As I said to my wife, it's kind of like reading an account of being pregnant along with some unsolicited advice from some random hippie friend-of-a-friend who talks about spending time with your Goddess of choice. I mean, it's good insofar as it's good to hear of anyone's experience, and she has quotes from other women she talked to, but there are some very annoying bits where she gives rather sententious and unwanted advice about finances (if you can't afford to get pregnant how can you afford to have a child?!?!??!?! FUCK YOU LADY, POOR PEOPLE CAN HAVE BABIES) and age (younger people shouldn't have babies! wait until you're in your late twenties and you're mature enough to be a parent! you might think you want to get pregnant but you don't know what you want!).

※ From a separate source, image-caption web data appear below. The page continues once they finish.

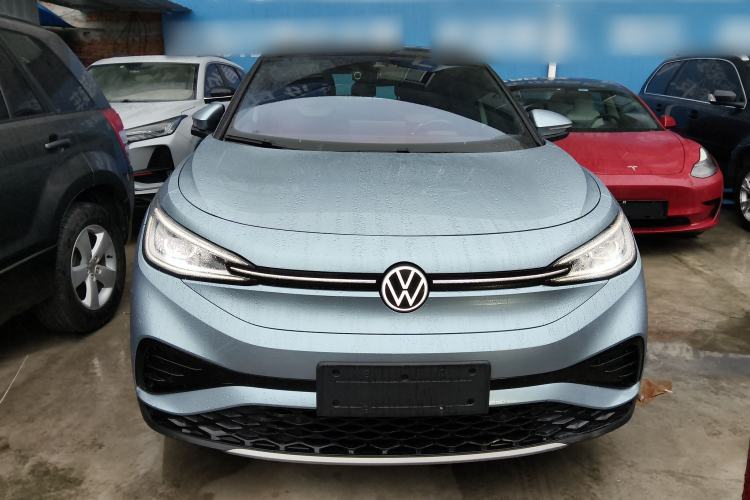 Used Volkswagen ID.4 X 2022 Smart Enjoyment Long-Range Edition Front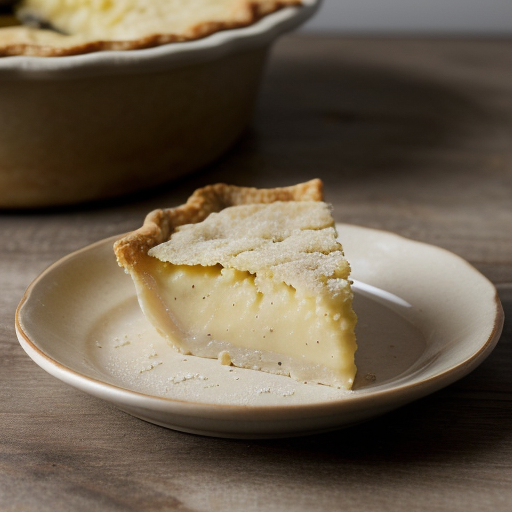 Potato Pie Crust recipe image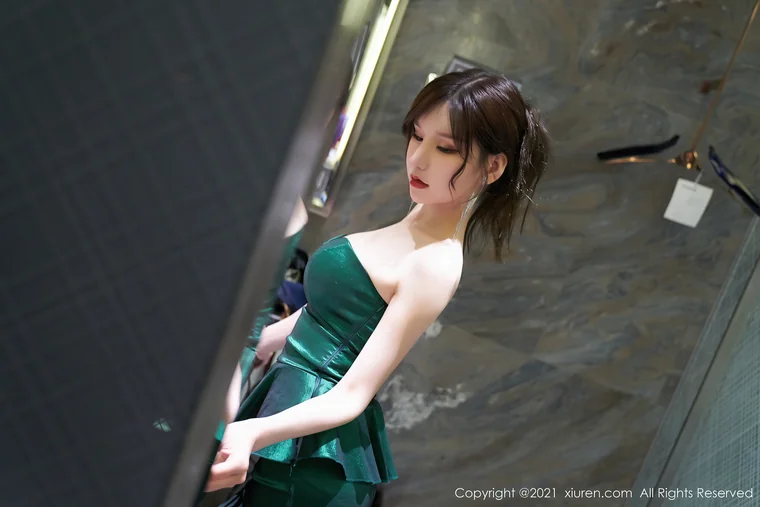 [XIUREN] No.3321 Zhou Yuxi (周于希Sandy) preview 8
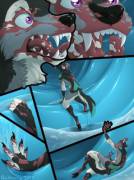 &Amp;Quot;From Head To Head&Amp;Quot; [Furry][Soft][Oral][M/M][Comic]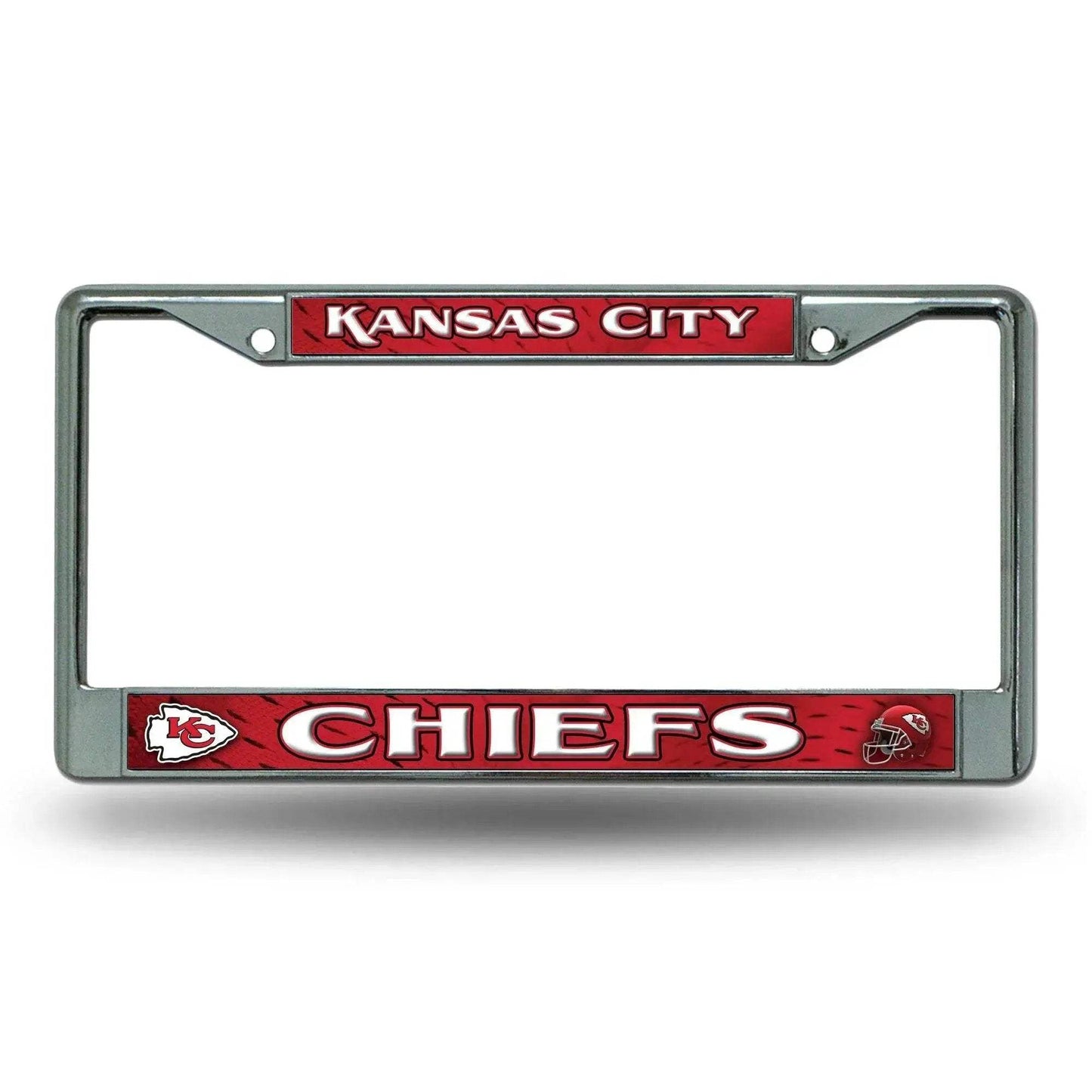 Kansas City Chiefs Chrome Plate Frame Printed Insert - ToylandEU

The book thinks it's inclusive but is wildly middle class and also occasionally outdated/clueless. See eg.: the title - the book is in fact primarily for women seeking to get pregnant who are not in sexual relationships with men. It also refers to trans men as 'trannies' a couple of times, which I think was the preferred self-definition term for a small group of trans people for about five minutes a few years ago? but is not okay now, and not okay for a non-trans person to use, imo. In general, although there's some lip service to the trans experience, this is not a book that really considers or thinks about birthing/parenting while trans, or really thinks much about gender at all. Or race for that matter. It's basically an individual account, which would be fine, but it's packaged as a universal guide (an ultimate guide even), which is very galling.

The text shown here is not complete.